Provided records:
BEGIN
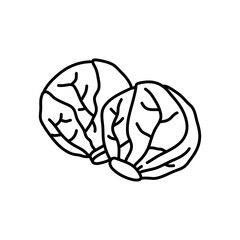 Brussel Sprouts doodle icon. Hand drawn black sketch. Vector Illustration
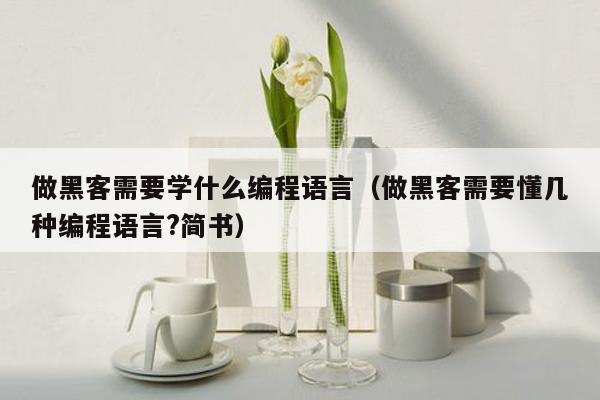 做黑客需要学什么编程语言（做黑客需要懂几种编程语言?简书）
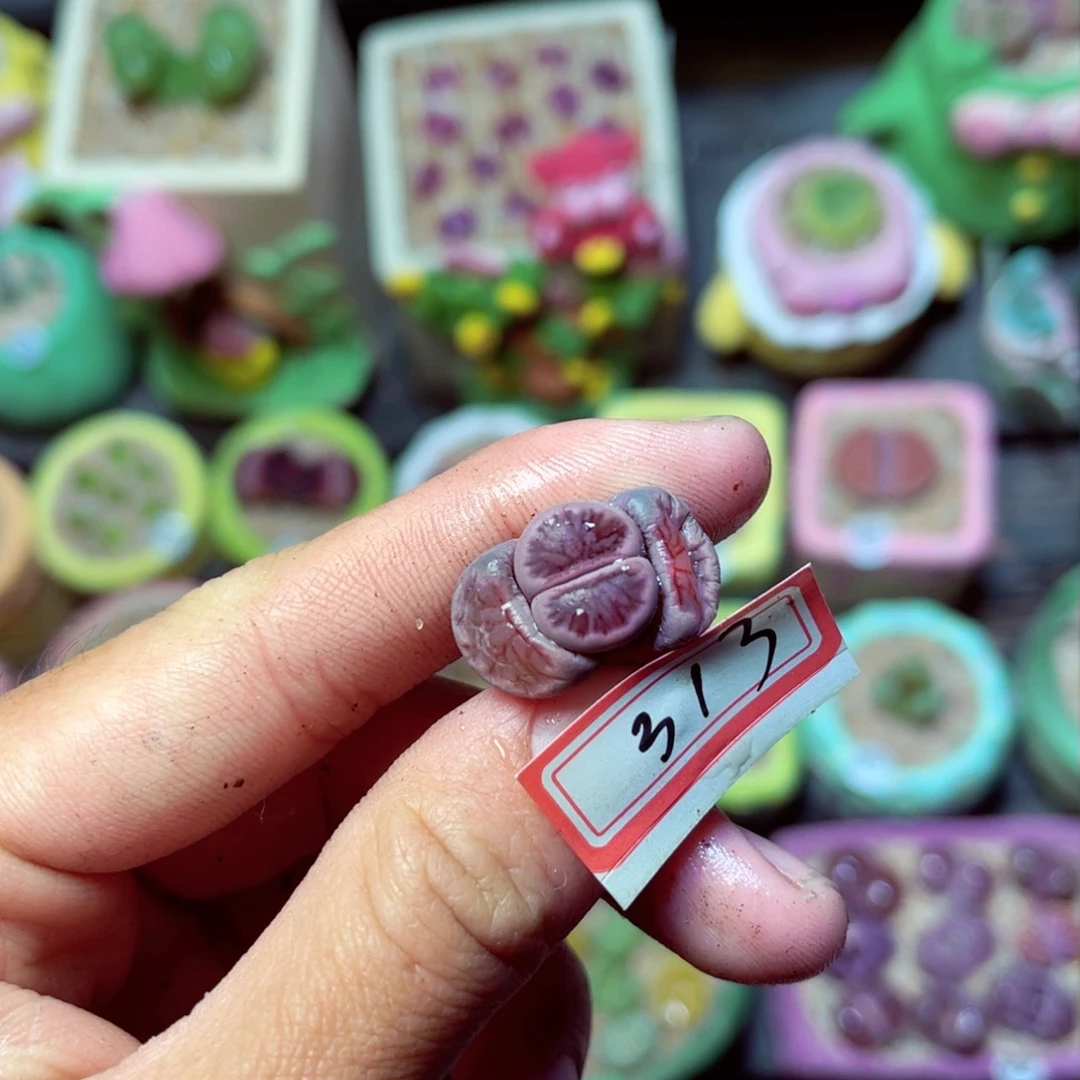 313生石花带盆发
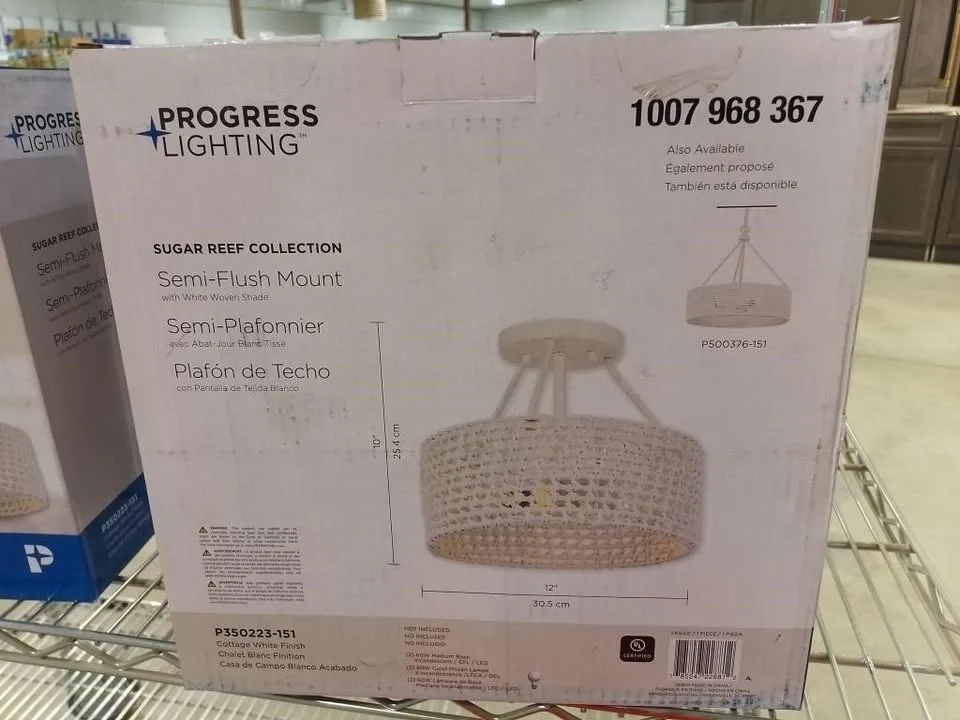 New Progress 2-Light Ceiling Fixtures image indicator(2)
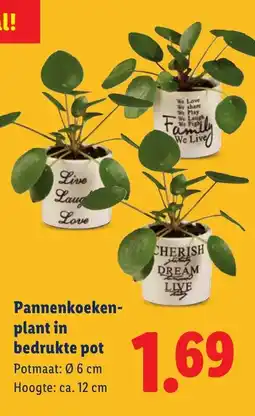 Lidl Pannenkoeken plant in bedrukte pot aanbieding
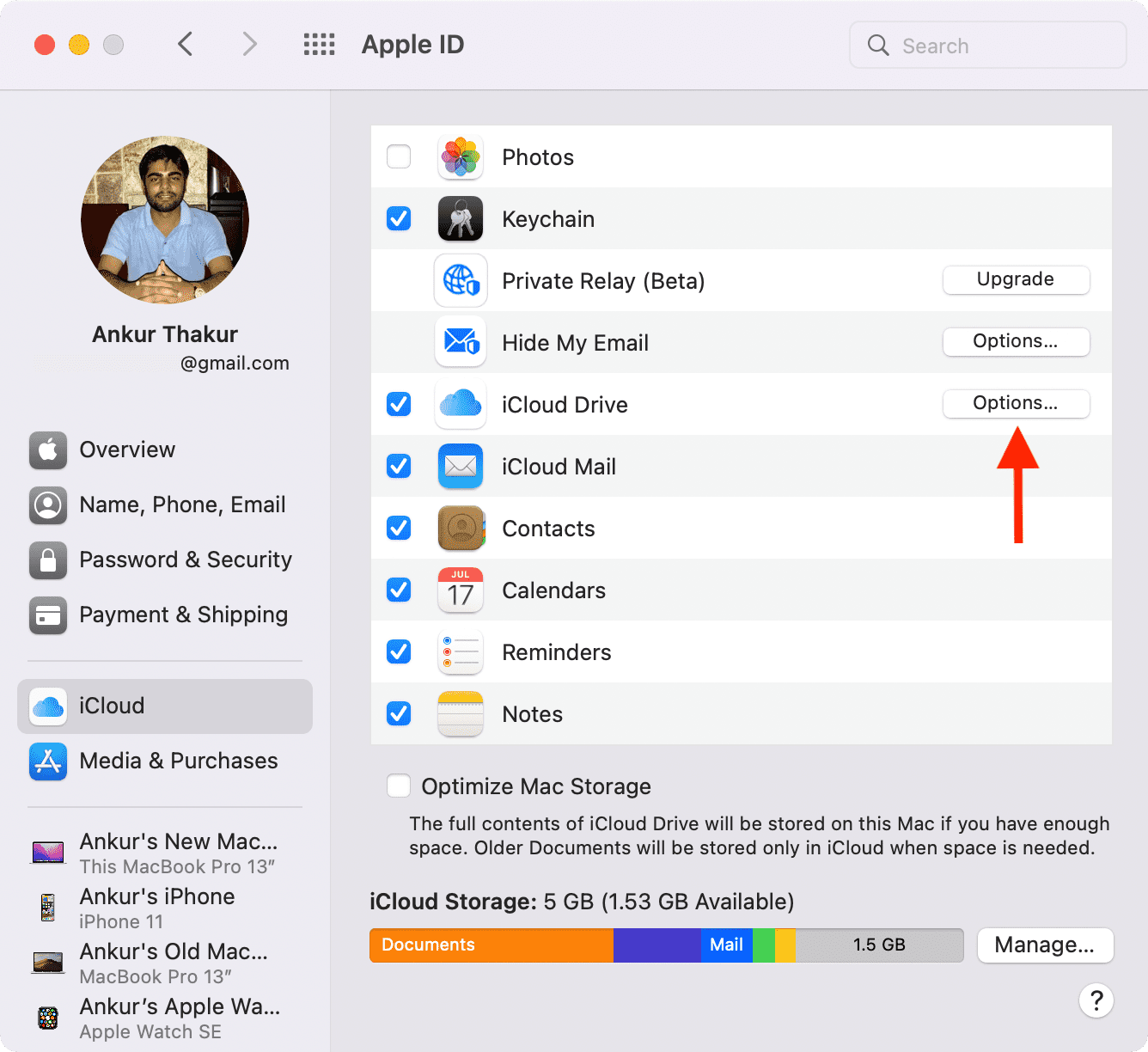 Opciones de iCloud Drive en Mac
END
Pictures are to be left out; all else in the entries above is to be quoted exactly.

 Brussel Sprouts doodle icon. Hand drawn black sketch. Vector Illustration
 做黑客需要学什么编程语言（做黑客需要懂几种编程语言?简书）
 313生石花带盆发
 New Progress 2-Light Ceiling Fixtures image indicator(2)
 Lidl Pannenkoeken plant in bedrukte pot aanbieding
 Opciones de iCloud Drive en Mac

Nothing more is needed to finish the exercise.